As humanitarian actors face seemingly impossible decisions in a context of dramatically shrinking resources, there is much talk of tough priority setting. However, there has been little clarity or common ground around the terms of these prioritisation choices or the values on which they are based. Across the humanitarian system, responses to reductions in aid have been driven by immediate cost-cutting measures, and they have unfolded in an unclear and largely uncoordinated manner.[1]This is not conducive to strategic decision-making towards a wider good.

These prioritisation challenges are an acute manifestation of a chronic dilemma at the heart of humanitarian action: how best to use limited resources to meet vast, persistent and changing needs. This is not a dilemma that can be solved definitively, but it can be navigated better. How humanitarian donors and organisations choose to prioritise their resources reflects what they value, and it sets out the course for future action.

This paper builds on a body of work on humanitarian prioritisation by ALNAP.[2] Here, we set out a clear model to understand decision-making spaces and influences, and we propose constructive approaches to the inevitable dilemmas and trade-offs involved. These approaches are applicable to all those across the sector – from global to grass-roots, from donor to do-er – who are seeking to negotiate wise choices in difficult times.

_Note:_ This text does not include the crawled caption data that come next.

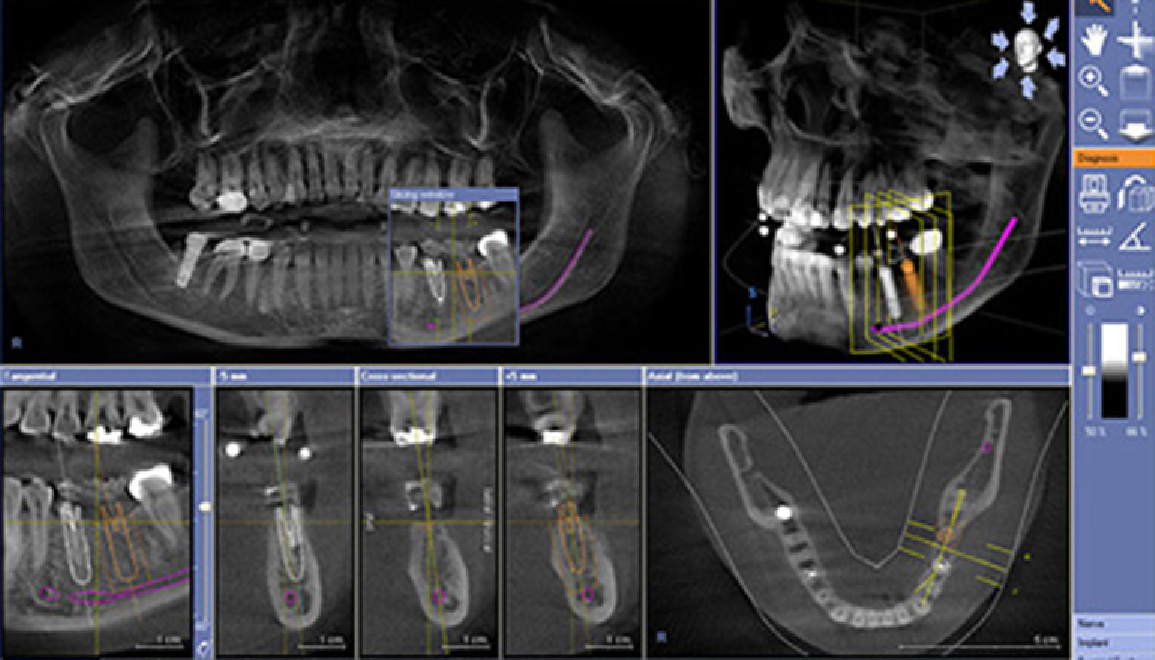 ●3Dシミュレーション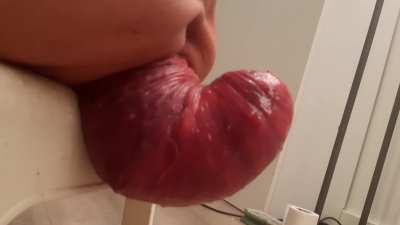 Prolapse stool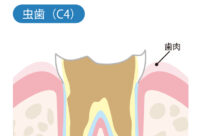 歯の根しか残ってない状態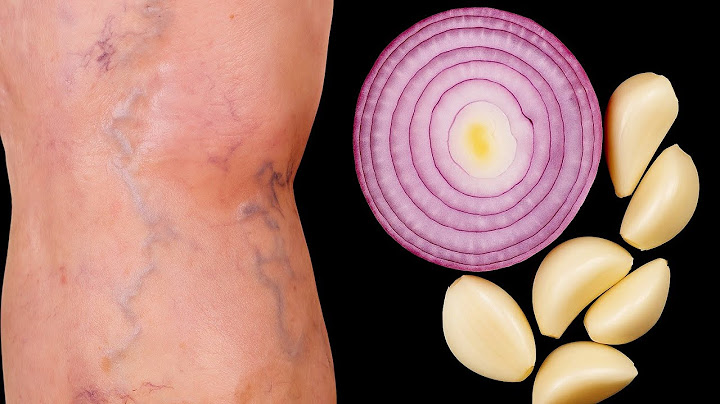 2 Natural Fixes That Erased My Varicose Veins! You Won’t Believe It!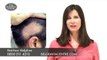 Hair Care - Hair Loss - Natural Ayurvedic Home Remedies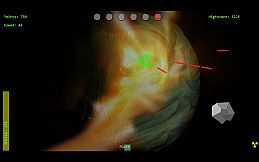 orbital defence unit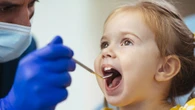Bimbi under-6 quasi mai dal dentista, prevenzione 'Cenerentola'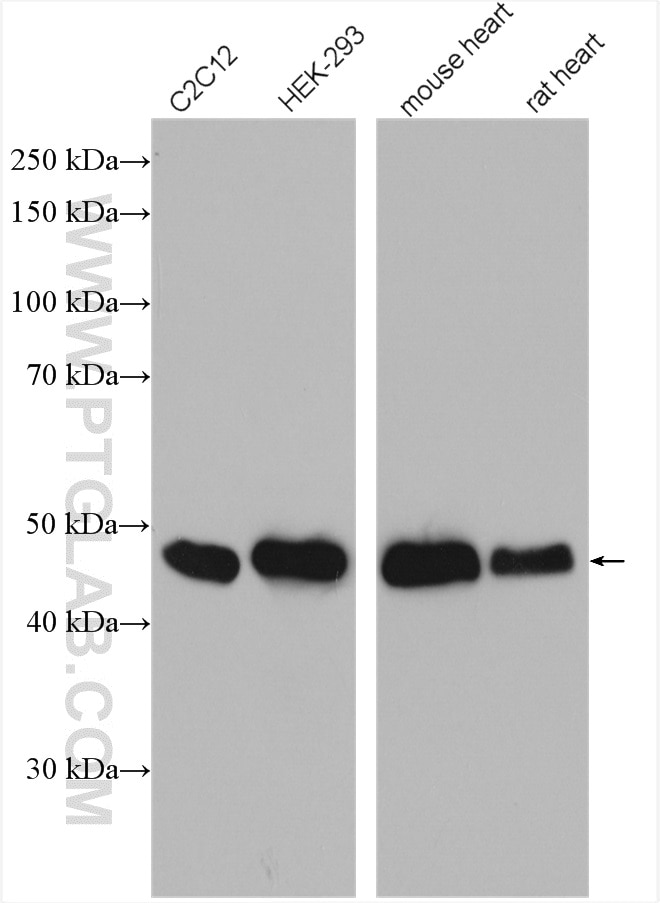 Western Blot (WB) analysis of various lysates using SMYD2 Polyclonal antibody (21290-1-AP)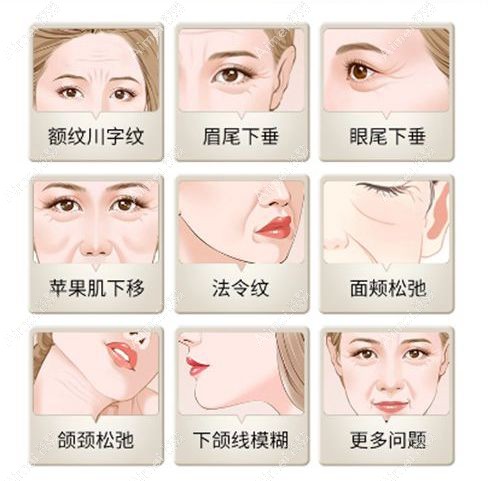 王召东的筋膜固定是正规的吗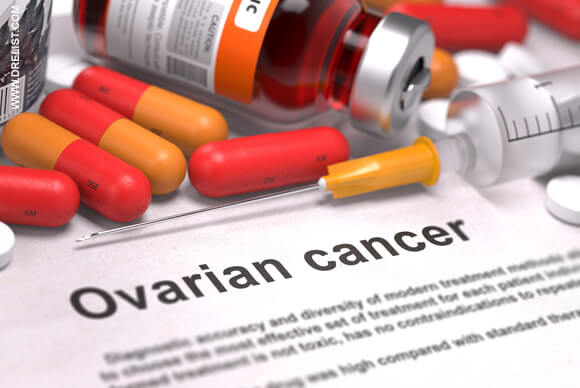 Ovarian Cancer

The paper is in three parts. The first sets out the types of prioritisation decisions that humanitarians face; the second examines the pragmatic and ideological challenges to making these decisions; the third exposes the trade-offs at play as humanitarians set out their high-level priorities in response to aid cuts, with guiding principles to navigate these constructively.

Footnotes

  1. For example, reports from Mozambique highlight the in-country confusion caused by the reversal of plans to transition out of a humanitarian footing, and the implications of the hyper-prioritisation of the Humanitarian Needs and Response Plan (HNRP) against the backdrop of escalating needs (Worley, 2025a). Similarly, in Cameroon, reports suggest that the ‘accelerated transition’ to a development footing, sped up by aid cuts, has been marked by a lack of clarity and structured attention to gap-filling and risk management (Worley, 2025b).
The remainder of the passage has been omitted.